Such an outcome would turn Israel’s current war in Gaza into another inconclusive conflict against the Resistance Axis, leaving behind a remnant of those groups that would have the time to grow again and pose a greater threat to the Jewish state. That explains why Nasrallah stressed that “no effort should be spared to stop the aggression on Gaza,” calling on “every free and honorable person” to engage “in the battle for public opinion” to turn international sentiment against Israel’s war effort and impose a ceasefire.

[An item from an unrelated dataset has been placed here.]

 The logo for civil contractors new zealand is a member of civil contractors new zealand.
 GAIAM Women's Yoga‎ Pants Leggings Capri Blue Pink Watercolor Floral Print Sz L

The strategy of ensuring that Gaza-based terrorist groups survive this war and fight on echoes a threat issued by Hamas Politburo member Ghazi Hamad: the group will repeat the October 7 attack repeatedly until Israel is finally destroyed because its mere existence “constitutes… a catastrophe to the Arab and Islamic nation.” This dovetailed with Nasrallah’s emphasis, two days later, that the Resistance Axis had yet to reach the point of “victory by fatal blow” against Israel. For that, he said, “We still need time… but we are winning in increments… our battle is one of resilience and patience.”

While this may indeed be Hezbollah’s objective, the question remains open regarding Israeli patience. When Hezbollah launched the July 12, 2006 attack that spiraled into the Second Lebanon War, Israel was engaged in Operation Summer Rains, which was aimed at suppressing rocket fire from the Gaza Strip into the Western Negev. But Hezbollah’s attack from the north was grievous enough to redirect Israeli ire and attention to Lebanon, prompting Nasrallah’s now-infamous admission that he would not have approved his group’s attack on July 12 if he had known that it would lead to a war of the magnitude of the Second Lebanon War.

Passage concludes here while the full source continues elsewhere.